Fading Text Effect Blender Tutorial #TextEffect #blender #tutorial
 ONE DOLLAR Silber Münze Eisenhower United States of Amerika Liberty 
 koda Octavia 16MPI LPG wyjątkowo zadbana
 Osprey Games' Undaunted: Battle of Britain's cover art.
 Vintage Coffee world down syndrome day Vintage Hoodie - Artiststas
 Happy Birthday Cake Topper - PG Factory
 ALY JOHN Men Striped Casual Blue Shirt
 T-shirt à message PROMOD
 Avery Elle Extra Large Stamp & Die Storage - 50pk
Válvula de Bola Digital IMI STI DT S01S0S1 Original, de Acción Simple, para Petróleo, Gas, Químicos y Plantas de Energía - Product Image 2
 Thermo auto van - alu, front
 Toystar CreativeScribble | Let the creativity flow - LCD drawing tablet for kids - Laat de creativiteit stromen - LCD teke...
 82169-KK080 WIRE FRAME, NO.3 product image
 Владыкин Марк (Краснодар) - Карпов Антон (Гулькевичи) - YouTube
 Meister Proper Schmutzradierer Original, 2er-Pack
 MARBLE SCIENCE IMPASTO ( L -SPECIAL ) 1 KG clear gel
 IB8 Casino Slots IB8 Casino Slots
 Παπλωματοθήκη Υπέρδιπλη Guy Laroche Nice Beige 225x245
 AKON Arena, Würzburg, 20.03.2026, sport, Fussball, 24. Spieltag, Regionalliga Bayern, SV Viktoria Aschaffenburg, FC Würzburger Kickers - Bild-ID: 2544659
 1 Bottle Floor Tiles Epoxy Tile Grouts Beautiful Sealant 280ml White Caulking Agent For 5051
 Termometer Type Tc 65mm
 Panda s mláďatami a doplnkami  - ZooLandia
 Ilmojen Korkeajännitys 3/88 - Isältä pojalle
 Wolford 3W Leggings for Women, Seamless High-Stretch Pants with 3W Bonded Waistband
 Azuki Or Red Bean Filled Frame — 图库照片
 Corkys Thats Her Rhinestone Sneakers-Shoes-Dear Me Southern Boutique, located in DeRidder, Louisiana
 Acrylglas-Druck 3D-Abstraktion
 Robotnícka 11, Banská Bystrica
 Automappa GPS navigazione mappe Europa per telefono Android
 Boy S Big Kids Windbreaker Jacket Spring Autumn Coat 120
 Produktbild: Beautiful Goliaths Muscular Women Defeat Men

-*-*-

== WORK INSTRUCTION ==
Everything from the line containing "Владыкин Марк (Краснодар)" through the final line above must be copied exactly, with both ends kept.

== ANSWER BELOW ==
 Владыкин Марк (Краснодар) - Карпов Антон (Гулькевичи) - YouTube
 Meister Proper Schmutzradierer Original, 2er-Pack
 MARBLE SCIENCE IMPASTO ( L -SPECIAL ) 1 KG clear gel
 IB8 Casino Slots IB8 Casino Slots
 Παπλωματοθήκη Υπέρδιπλη Guy Laroche Nice Beige 225x245
 AKON Arena, Würzburg, 20.03.2026, sport, Fussball, 24. Spieltag, Regionalliga Bayern, SV Viktoria Aschaffenburg, FC Würzburger Kickers - Bild-ID: 2544659
 1 Bottle Floor Tiles Epoxy Tile Grouts Beautiful Sealant 280ml White Caulking Agent For 5051
 Termometer Type Tc 65mm
 Panda s mláďatami a doplnkami  - ZooLandia
 Ilmojen Korkeajännitys 3/88 - Isältä pojalle
 Wolford 3W Leggings for Women, Seamless High-Stretch Pants with 3W Bonded Waistband
 Azuki Or Red Bean Filled Frame — 图库照片
 Corkys Thats Her Rhinestone Sneakers-Shoes-Dear Me Southern Boutique, located in DeRidder, Louisiana
 Acrylglas-Druck 3D-Abstraktion
 Robotnícka 11, Banská Bystrica
 Automappa GPS navigazione mappe Europa per telefono Android
 Boy S Big Kids Windbreaker Jacket Spring Autumn Coat 120
 Produktbild: Beautiful Goliaths Muscular Women Defeat Men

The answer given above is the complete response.